We thank the referee for their constructive feedback and positive evaluation of the potential significance of BioSEN for bioacoustics applications. We address each major comment below and will revise the manuscript to strengthen the presentation of our contributions.

read point-by-point responses

Referee: [§4 (Experimental Evaluation)] §4 (Experimental Evaluation): The abstract and available text report performance gains on three bioacoustic datasets but provide no details on the specific baselines implemented, the evaluation metrics used (e.g., whether SNR, STOI, or bioacoustic-specific measures), error bars or statistical significance, dataset characteristics (species, recording conditions, sizes), or training procedures. This information is load-bearing for assessing the claim that BioSEN matches or exceeds SOTA with less computation.

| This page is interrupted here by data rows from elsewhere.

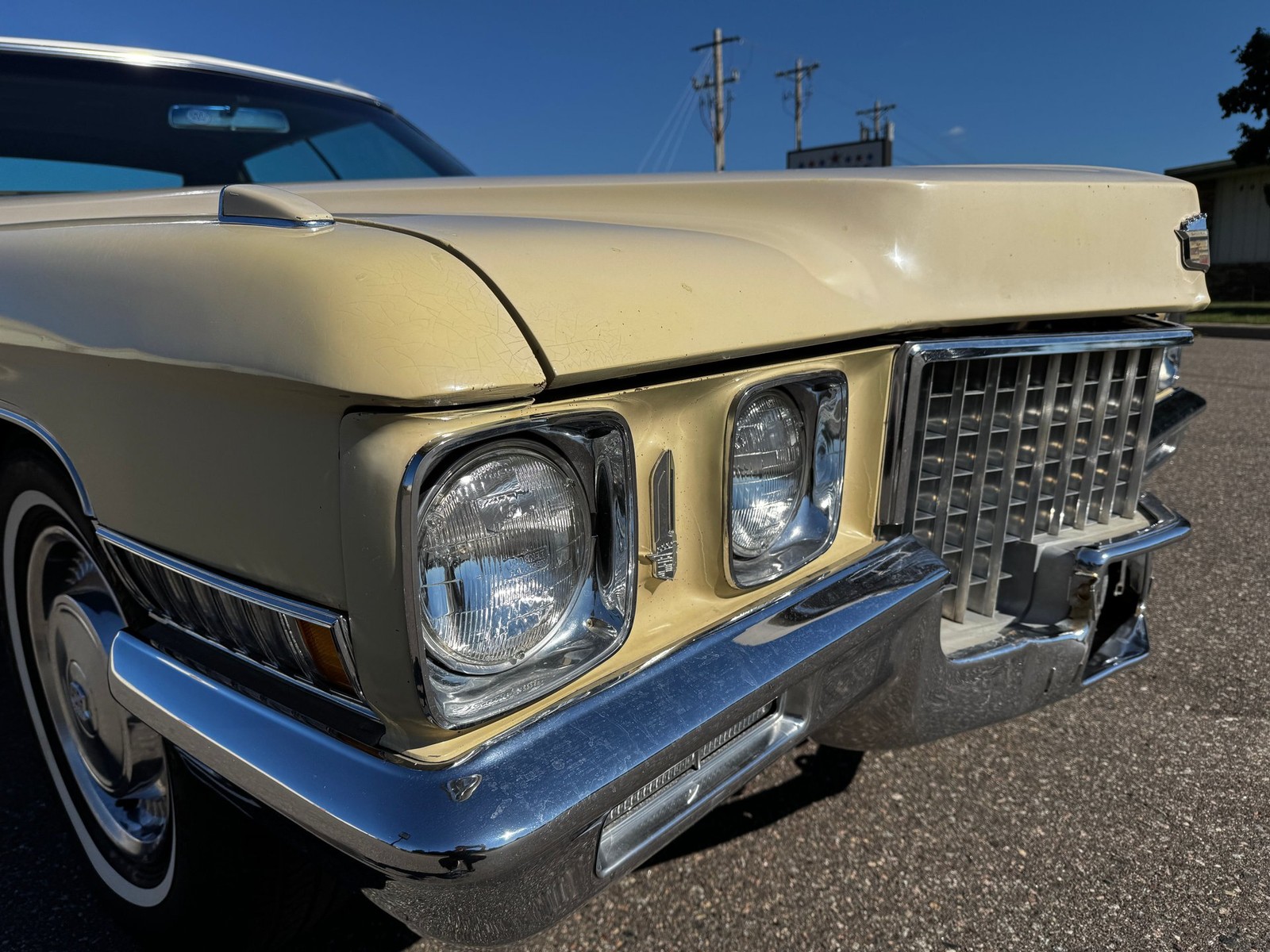 Cadillac-Sedan-DeVille-1971-Sedan-23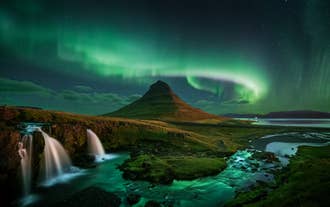 Le mont Kirkjufell paraît encore plus majestueux sous la lumière éthérée des aurores polaires.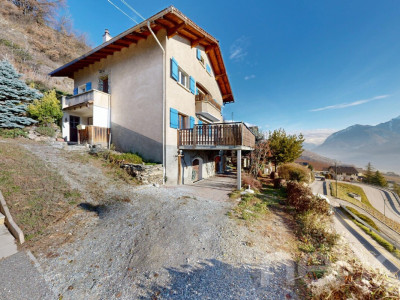 Maison de charme avec fort potentiel et vue imprenable image 2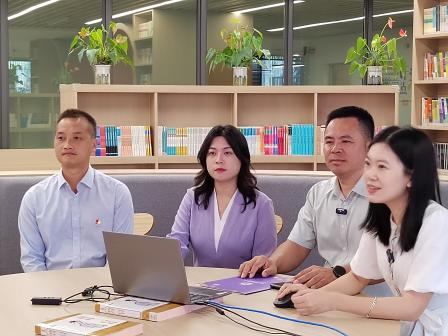 数智赋能育新篇，多元课程展担当——凤光小学精彩亮相罗湖区第二届课博会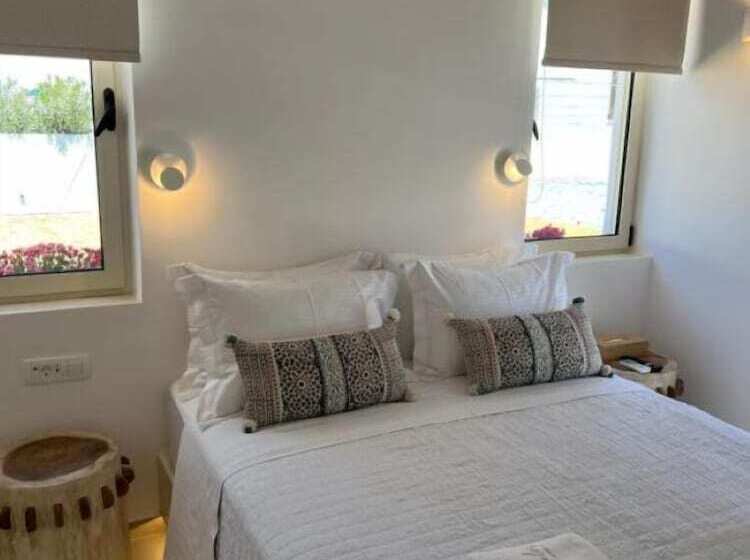 Bed & Breakfast Thealos Santorini Close To Square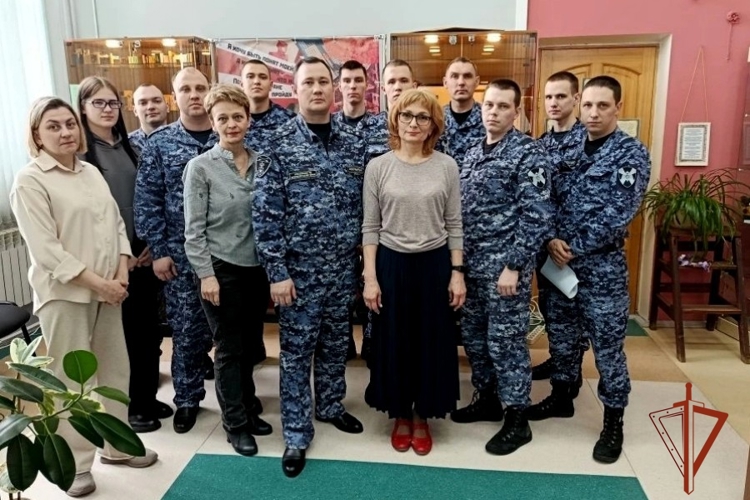 Зеленогорские росгвардейцы познакомились с книгами, вышедшими в годы Великой Отечественной войны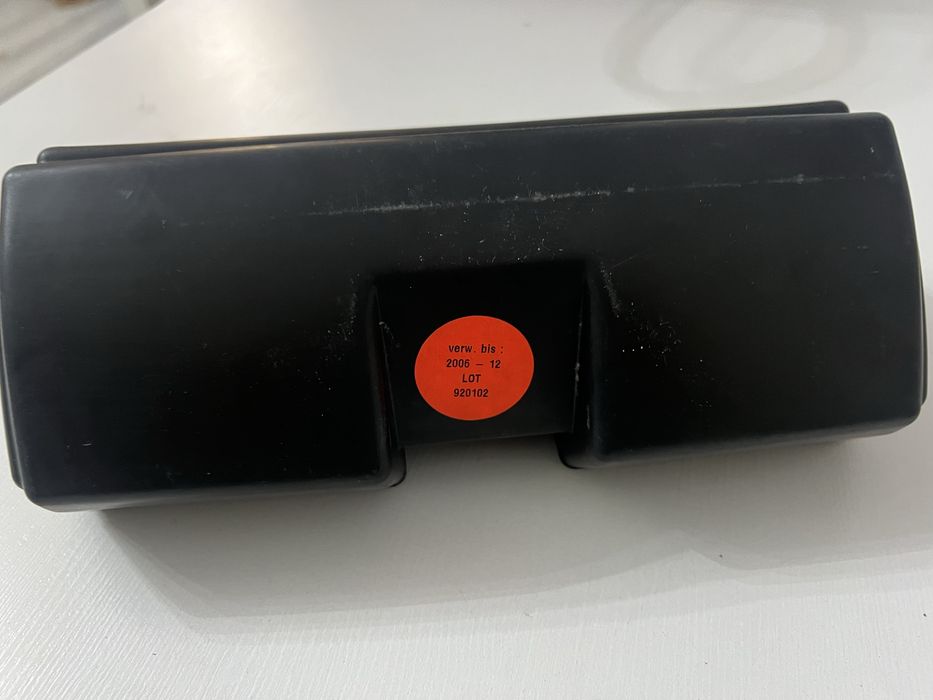 Mercedes benz w211 аптечка оригинал под сиденье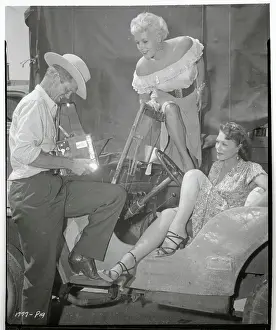 Dan Duryea Filming Vicki Raaf and Grace Lenard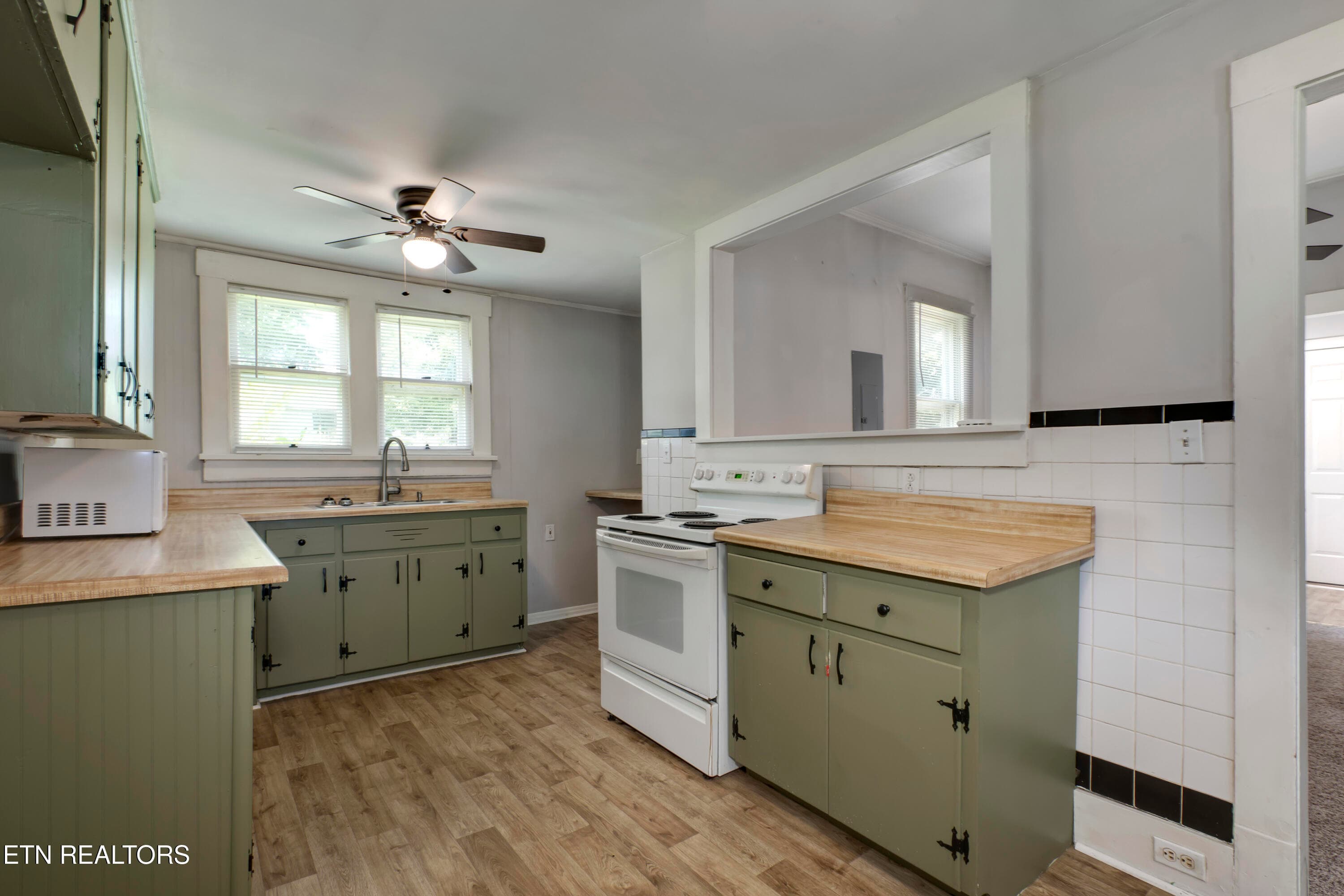 24_OhioAvenue_914_Kitchen01 - 914 Ohio Ave, Etowah, TN 37331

Authors: We agree that §4 currently lacks sufficient detail to fully substantiate the empirical claims. In the revised manuscript we will expand the experimental evaluation section to explicitly list all baselines (including the specific speech enhancement models and their implementations), the full set of metrics (SNR, STOI, PESQ, and bioacoustic-specific measures such as vocalization detection F1-score), error bars computed over multiple random seeds with statistical significance tests (e.g., paired t-tests), complete dataset descriptions (species, recording environments, total duration, train/validation/test splits), and training procedures (optimizer, learning rate schedule, batch size, loss function, and hardware used). We will also add a table summarizing computational cost (FLOPs, parameters, inference time) for direct comparison. revision: yes
Referee: [§3 (Model Architecture)] §3 (Model Architecture): The description of the three modules (multi-scale dual-axis attention unit, bio-harmonic multi-scale enhancement unit, energy-adaptive gating connection unit) is high-level; without equations or diagrams showing how they differ from standard speech enhancement components, it is difficult to evaluate the novelty and the rationale for their design choices.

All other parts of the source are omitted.